Incidentally Bitch is also a pop culture site, so it kinda makes sense that Jessica talk about hipsters there. Bitch readers come to Bitch to talk about feminism and pop culture, but they don’t want to talk about racism and pop culture?
The “get over it” defense is not hard to take down as soon as you realise that by “it” the commenter is referring to colonisation and genocide, the legacy of which continues to beset Native communities in the form of poverty, environmental racism, and health disparities (to recap some of the things Jessica mentioned in the original post).

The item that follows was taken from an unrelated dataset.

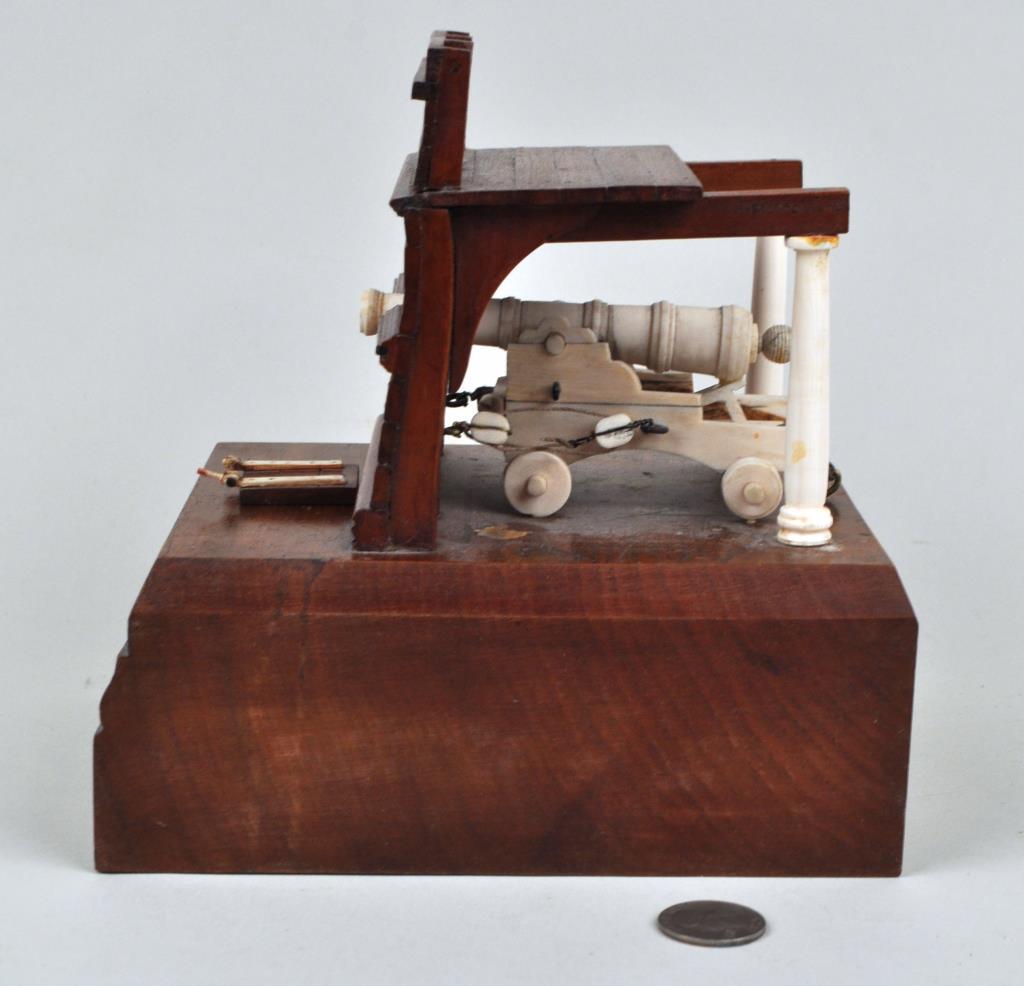 Miniature Ship's Cannon Model: on elaborate wood "hull" stand. 7 1/2" high, 7 1/2" wide. One piece detached. Provenance: Property of a New Haven County CT Estate.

The whole “but that happened 100 years ago!” defense is similarly dense: a brief look at who is poor and who is marginalised in the richest countries in the world should quiet that one down…though it often doesn’t. There’s no accounting for pigheadedness.
And beyond this? Racism manifests itself in a million different ways, from massive structural inequalities, to the accessories of that fashionable person on the subway next to you. And sometimes it is easier for folks to understand and tackle the small things; for me, it was a long journey to the admission that racism exists and impacts my daily life. Talking about pop culture was a baby step that I could take; it was also something that was familiar and accessible when I didn’t really understand the academic language of postcolonial theory, or couldn’t imagine that words like “double marginalization” “diaspora” or even “immigrant” could apply to me.
EDITED ONCE AGAIN: Confused about the meaningful differences between distinct histories of exchange? They are not all the same. Read also these excerpts from Coco Fusco’s 1995 essay “Who’s Doing the Twist?” Also, new at Native Appropriations are some of the answers to the apparently compelling question, “But why can’t I wear a hipster headress?”